Business Diary: Michael Gove gets educated on PFI
A wonderfully malicious piece of gossip doing the rounds at Westminster. Word is that Education Secretary Michael Gove's decision to reintroduce the private finance initiative so as to fund £2bn of schools came about because he finally understood how the system worked. Gove had been so anti-PFI because he thought that the private company took ownership of the school after its 25- to 35-year contract had ended. So it's a Diary dunce's hat for the Rick Moranis lookalike.
That sponsorship money's worth it
Still at Westminster, with the Olympics countdown now in full swing, there is disappointment for the US conglomerate General Electric, which is spending millions as an official sponsor of the Games, partly for the access to the rich and powerful that the event provides. The pollster Populus has been studying which brands have been able to associate themselves with the event in the minds of MPs, and it's bad news. Just 6 per cent of our parliamentarians identified GE as a sponsor. On the other hand, almost a third picked Nike as a sponsor, when it is no such thing. Makes you think these MPs are just making stuff up.

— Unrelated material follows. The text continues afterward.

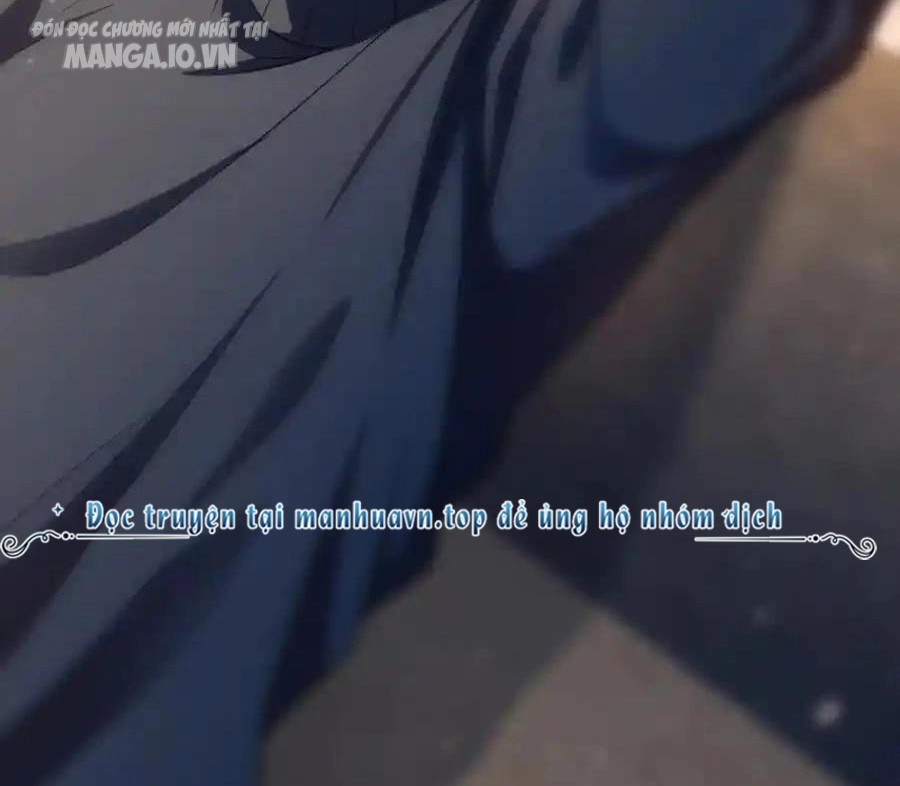 Bà Xã Nhà Tôi Đến Từ Ngàn Năm Trước Chapter 269 - Trang 2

New newspaper boss tickled pink
"I am gay to make known Ashley's appointment," Johnston Press chairman Ian Russell apparently says in the newspaper group's press release announcing Ashley Highfield as chief executive. Er, come again? A Dow Jones Newswires story that clearly went through the wringer of Google Translate a couple too many times became a hilarious hit on Twitter last night. The "informal journal publishing house" has made Mr Highfield an "arch executive", we are told. The story so tickled the new boss that he retweeted it.
Road rage breaks out over Virgin
Good to see the behind-the-hands briefing war between the nation's telecoms companies breaking into the open. Spin doctors who gleefully point out the bad numbers in each other's subscriber figures usually stay in the shadows, but The Sun quoted a BT insider, saying "the Ferrari's out of first gear, it's now in reverse", referring to its self-proclaimed Ferrari broadband. Will Virgin respond? Time to check the BT vans for slashed tyres.